Materials provided section start
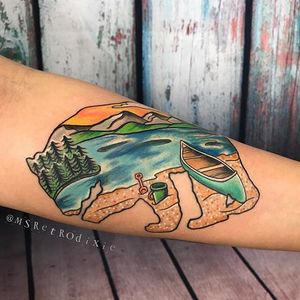 Yesterday's neo-traditional Lake George Bear & Beach scene on Aiden by msretrodixie. It's a little tough to notice the bear silhouette from this angle but you get the idea. Thank you, Aiden!! Always love having you in-house! #msdixiestattoo #enjoytroy #pma #troy #troyink #neotraditional #tattoo #ladytattooers #troyny #tattooshop #ladytattooers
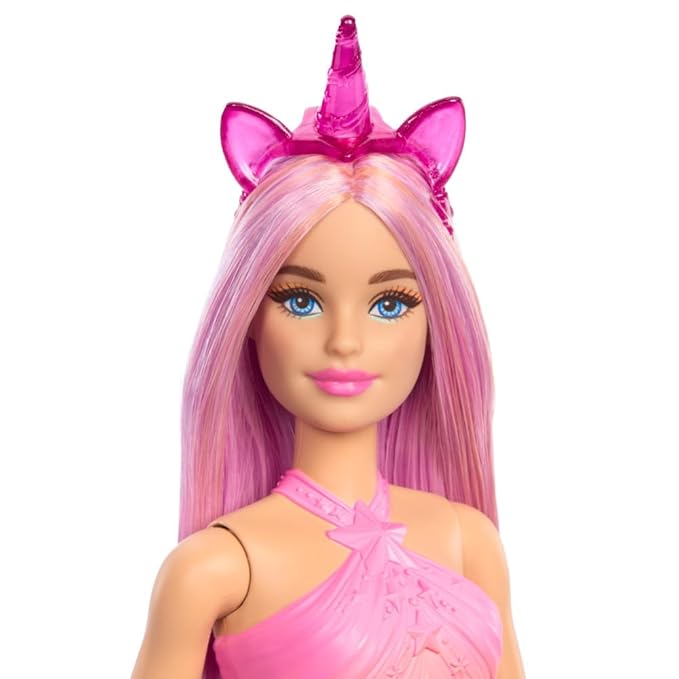 Barbie Unicorn Doll with Pink Fantasy Hair, Colorful Outfit & Unicorn-Themed Accessories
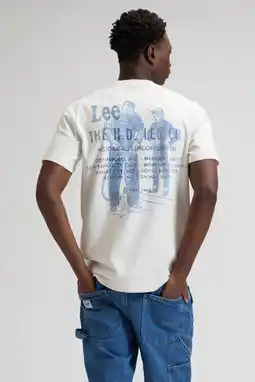 Wehkamp Lee relaxed T-shirt met backprint ecru aanbieding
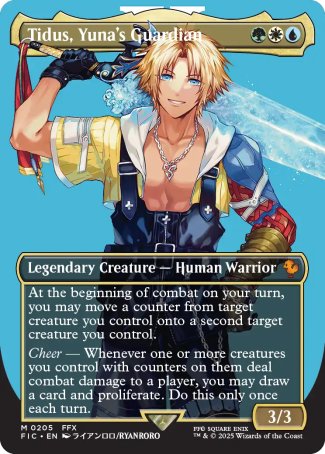 Tidus, Yuna's Guardian proxy card MTG Final Fantasy Commander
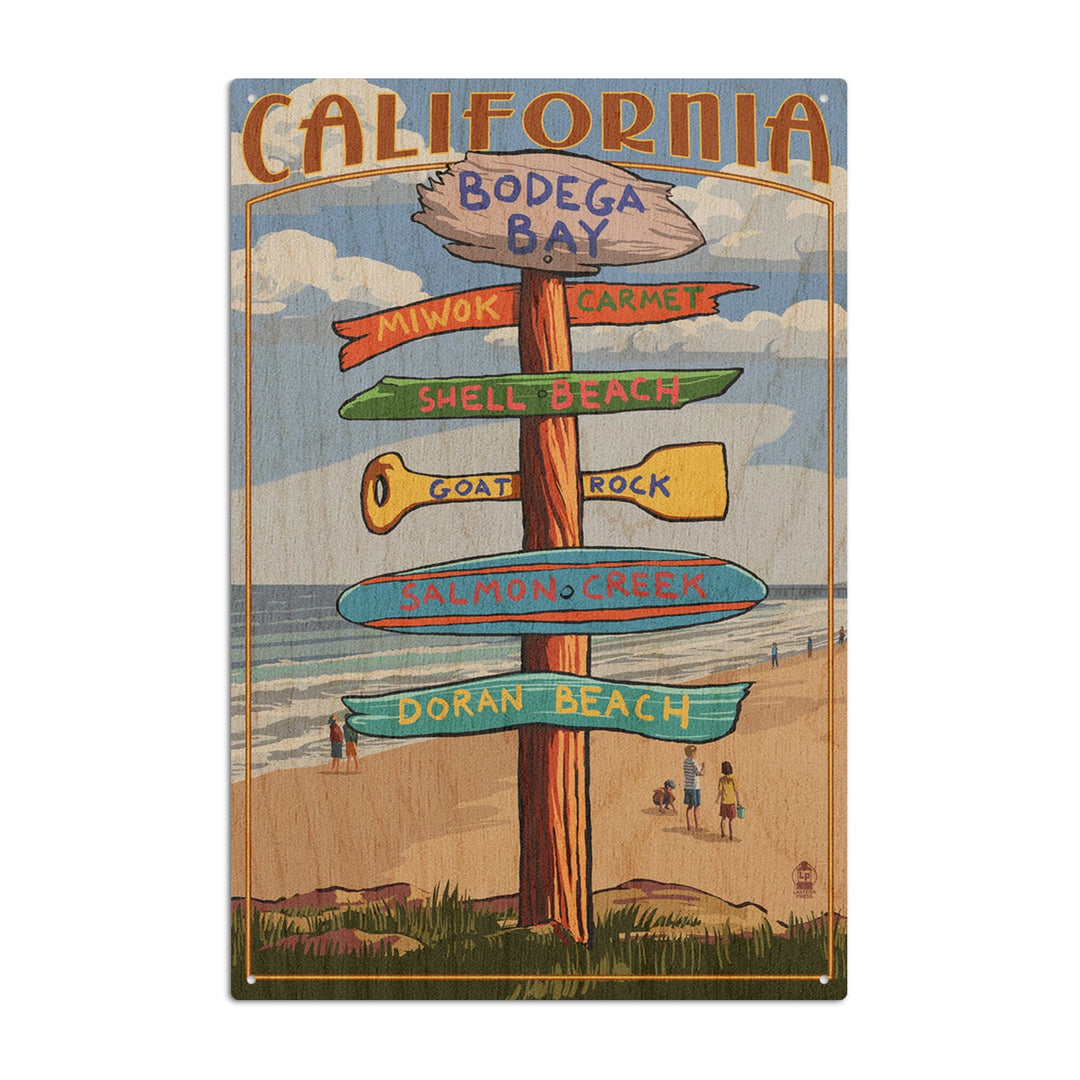 Bodega Bay, California, Destinations Sign, Lantern Press Artwork, Wood Signs and Postcards Wood Lantern Press 6x9 Wood Sign 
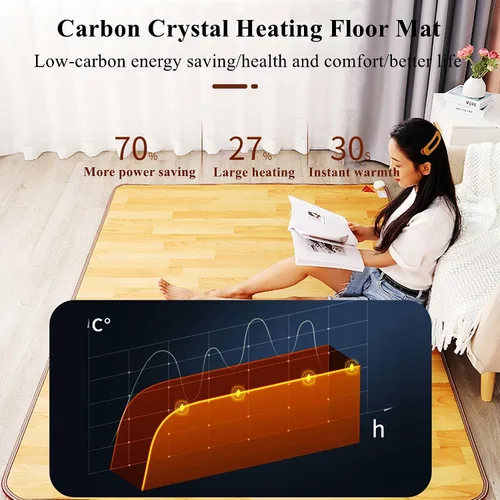 Miniatura 3 de Alfombra de calefacción eléctrica, tapete calefactable, almohadilla térmica eléctrica, calentador de pies con temporizador y termostato ajustable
Materials provided section end
--- What the task requires ---
Without the pictures, return all the entries above exactly as they stand.

--- Your response ---
 Yesterday's neo-traditional Lake George Bear & Beach scene on Aiden by msretrodixie. It's a little tough to notice the bear silhouette from this angle but you get the idea. Thank you, Aiden!! Always love having you in-house! #msdixiestattoo #enjoytroy #pma #troy #troyink #neotraditional #tattoo #ladytattooers #troyny #tattooshop #ladytattooers
 Barbie Unicorn Doll with Pink Fantasy Hair, Colorful Outfit & Unicorn-Themed Accessories
 Wehkamp Lee relaxed T-shirt met backprint ecru aanbieding
 Tidus, Yuna's Guardian proxy card MTG Final Fantasy Commander
 Bodega Bay, California, Destinations Sign, Lantern Press Artwork, Wood Signs and Postcards Wood Lantern Press 6x9 Wood Sign 
 Miniatura 3 de Alfombra de calefacción eléctrica, tapete calefactable, almohadilla térmica eléctrica, calentador de pies con temporizador y termostato ajustable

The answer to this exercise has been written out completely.